Young workers are currently exempted from South Dakota's voter-approved minimum wage increase. In this photo, employees at a Target store in Chicago. Reuters/Andrew Nelles

Democrats and organized labor are gearing up for another minimum wage fight in South Dakota. The state's voters approved an increase in the minimum wage from $7.25 to $8.50 an hour by a 55-45 margin just last fall. But in the current legislative session, Republicans passed an exemption to the law, which sets a separate minimum for employees under the age of 18 at $7.50 an hour.

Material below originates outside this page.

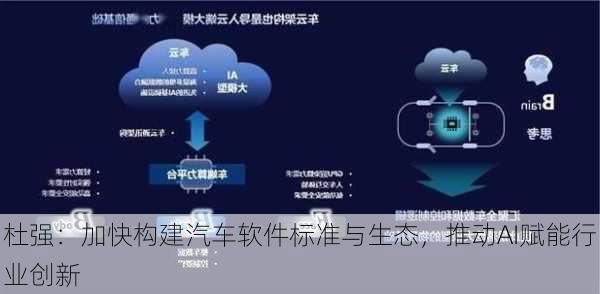 杜强：加快构建汽车软件标准与生态，推动AI赋能行业创新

Now, according to the AP, the state Democratic Party and Teamsters Local 120 are throwing their weight behind a campaign to repeal the wage scale-back through yet another referendum. If organizers collect enough signatures, the proposed pay hike would appear on the November 2016 ballot.

“We the voters said we want the minimum wage to be $8.50 for every worker,” petition drive organizer Cory Heidelberger told a local ABC outlet.

Republican Gov. Dennis Daugaard had said he would not support a “direct attack” on the ballot measure approved by voters, but nevertheless signed the partial repeal last month. The $8.50 wage that voters approved last November is indexed to inflation; the $7.50 rate passed by the Legislature is not. (Another unsuccessful GOP proposal in the Legislature sought to lower the wage if the cost of living ever decreased.)

Conservatives nationwide have raised concerns that new minimum wage laws will force some companies out of business. The sponsor of South Dakota's youth wage bill, Republican Sen. David Novstrup, said the new law is “about making sure that young people have an opportunity for their first job.”

For the proposed wage hike to appear on the ballot next fall, supporters need to collect 13,871 signatures by June 29. Formal support from the Democrats and labor adds notable heft to that push. Securing the requisite amount of signatures also would block the new youth wage from coming into effect before 2016.

Fourteen states and the District of Columbia approved minimum wage increases last year.